Bees will visit your garden from quite some distance away. They will frequently fly up to four miles from their colony and will travel as far as it takes to collect sufficient pollen. So how do you make your garden a destination of choice?.

Traditional ‘cottage garden’ type flowers are best, as many modern flowers are bred purely for decoration and offer the bees little in the way of pollen and nectar. Old favourites such as lupins, hollyhocks, foxgloves and aquilegia are ideal, together with herbs including rosemary, thyme, sage and borage.

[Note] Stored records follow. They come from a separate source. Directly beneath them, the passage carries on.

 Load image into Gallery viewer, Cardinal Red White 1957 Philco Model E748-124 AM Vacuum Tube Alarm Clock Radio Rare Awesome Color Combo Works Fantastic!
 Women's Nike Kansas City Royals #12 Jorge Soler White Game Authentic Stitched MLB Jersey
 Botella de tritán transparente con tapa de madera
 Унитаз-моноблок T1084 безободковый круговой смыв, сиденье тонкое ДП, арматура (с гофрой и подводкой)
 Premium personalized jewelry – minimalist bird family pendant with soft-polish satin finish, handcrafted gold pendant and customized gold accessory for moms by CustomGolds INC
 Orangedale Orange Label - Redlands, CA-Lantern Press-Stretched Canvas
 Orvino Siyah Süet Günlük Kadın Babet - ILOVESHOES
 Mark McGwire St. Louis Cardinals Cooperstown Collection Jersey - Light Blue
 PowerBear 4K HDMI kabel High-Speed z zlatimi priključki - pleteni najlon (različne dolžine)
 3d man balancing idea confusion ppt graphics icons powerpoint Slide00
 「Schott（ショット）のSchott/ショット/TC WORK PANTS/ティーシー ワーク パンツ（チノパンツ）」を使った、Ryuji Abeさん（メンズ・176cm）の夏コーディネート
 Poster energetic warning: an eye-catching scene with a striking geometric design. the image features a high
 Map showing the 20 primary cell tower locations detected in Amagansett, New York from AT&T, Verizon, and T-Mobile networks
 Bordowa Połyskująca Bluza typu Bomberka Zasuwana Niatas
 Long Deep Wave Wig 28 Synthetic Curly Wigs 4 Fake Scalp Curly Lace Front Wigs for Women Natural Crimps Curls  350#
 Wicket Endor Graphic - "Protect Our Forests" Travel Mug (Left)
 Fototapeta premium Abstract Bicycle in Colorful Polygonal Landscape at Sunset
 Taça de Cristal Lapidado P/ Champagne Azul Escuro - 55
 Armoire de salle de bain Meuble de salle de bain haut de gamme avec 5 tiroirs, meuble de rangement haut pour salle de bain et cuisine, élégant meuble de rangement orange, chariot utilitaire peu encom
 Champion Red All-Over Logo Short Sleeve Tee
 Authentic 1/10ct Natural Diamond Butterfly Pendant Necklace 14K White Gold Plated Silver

Make sure you have a range of plants that will be a food source throughout the year. Wallflowers and Grape Hyacinth in the spring, Cornflowers and Lavender in the summer, dahlias and ivy in the autumn and black hellebore, crocuses, snowdrops and honeysuckle during the winter.

97% of Britain’s flower meadows have been lost since 1945, so leave a sunny patch for thistles, grasses and wild flowers such as red clover, common knapweed and bird’s-foot trefoil to colonise. The area doesn’t have to be large but there can be anything up to twenty times as many bees in such an environment compared to a cultivated garden.

You don’t have to transform the whole of your garden into a haven for bees, but every little effort will be appreciated by these essential insects as well as other pollinators, and that can only be good for the everyone.